Akin Jimoh hears how the 2015 toppling of the Cecil Rhodes statue at the University of Cape Town was both an anti-climax and a catalyst for change.Paballo Chauke and Shannon Morreira examine a drive by the University of Cape Town to cultivate a more inclusive academic environment after a campus statue of nineteenth-century imperialist Cecil Rhodes was toppled in April 2015.
In this series we explore the practice of science in this wonderful continent, the progress, the issues, the needs, and in the words of the African scientists who are based here. But I was in a campus where I wasn't seeing myself, either In my class . The people that were teaching me were not Black people. The only Black people were cleaners and, and, like, sort of supporting staff. But academics were mainly white. Mainly white men, even. Not just white but white straight men.
But also people were saying, “What's the point of trying to erase history?” And that was not what we were trying to do. The protesters were not trying to sort of erase history, actually, they were trying to underline it, and sort of highlight the pain and the suffering that history has caused in the present as well.So when it was taken down, you were there? Can you go back and, you know…What were the things that happened, you know, while watching, you know.
There was theory and practice behind why the statue must fall.
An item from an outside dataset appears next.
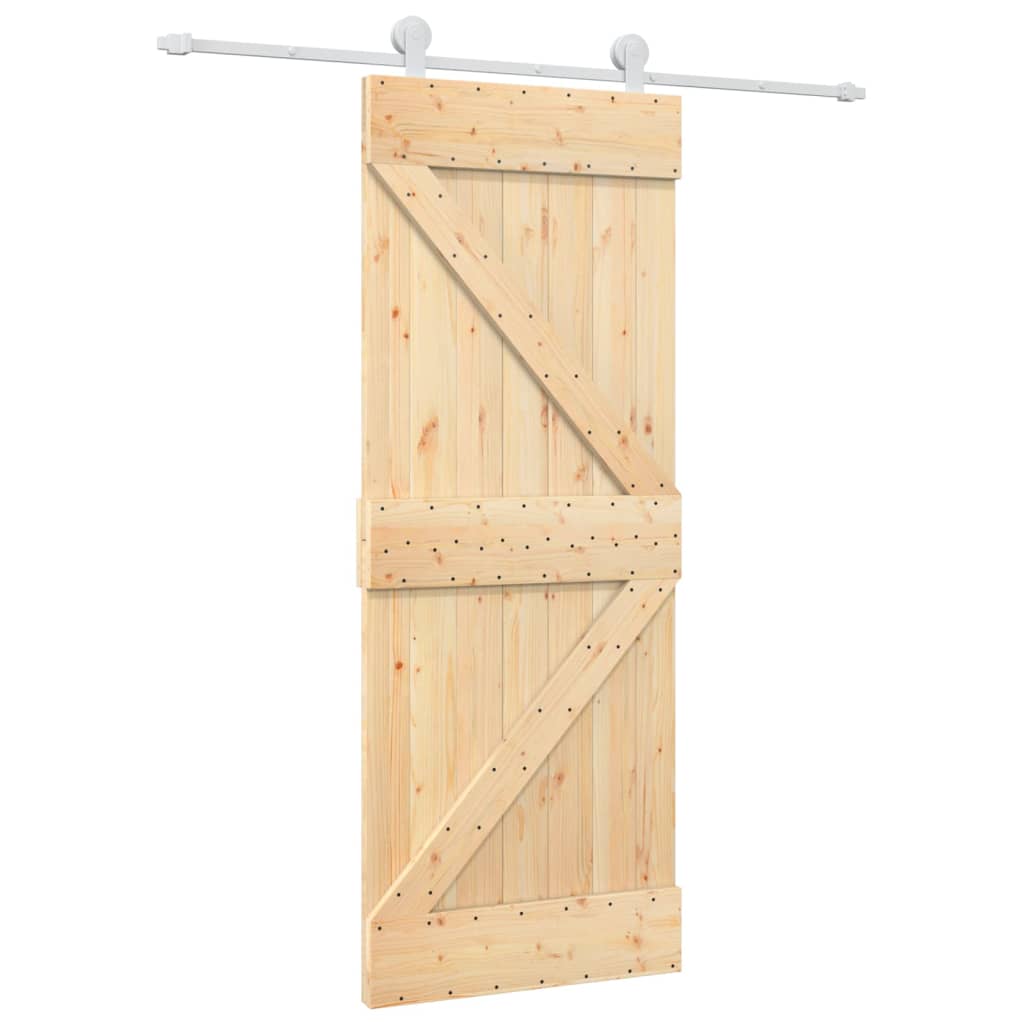 Sliding Door with Hardware Set 80x210 cm Solid Wood Pine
The students were informed about why this must happen. There isn't just an emotional, “Oh my God“, the statue must go. We read books. I Write what I Like by Steve Biko. Books by Toni Morrison, and Malcolm X, and Audre Lorde. We were philosophical, sociological, we were thinkers. People must know that “Rhodes must fall” was a thinking movement. So we’re thinking, we’re moving, we’re speaking, and we prayed.
We're saying, we are fighting back, that this is obviously a small win, but it's something, and it's showing that unity, you can actually sort of address the issues that killed us. The issues that keep us suppressed and buried without anyone knowing. But what Rhodes did that's had such a lasting impact on Southern Africa, was that he combined his economic interests in the colony with political interests. So he was a very strong imperialist. He had a huge strong belief in expanding and consolidating the British Empire.
So as long ago as the 1950s, there were Afrkaans nationalists who protested against the statue, because it was a statue of a British imperialist, through into the present into the postcolonial moment where for a number of years, prior to 2015, there had been sort of recurrent moments of student protest against the presence of the statue on the campus.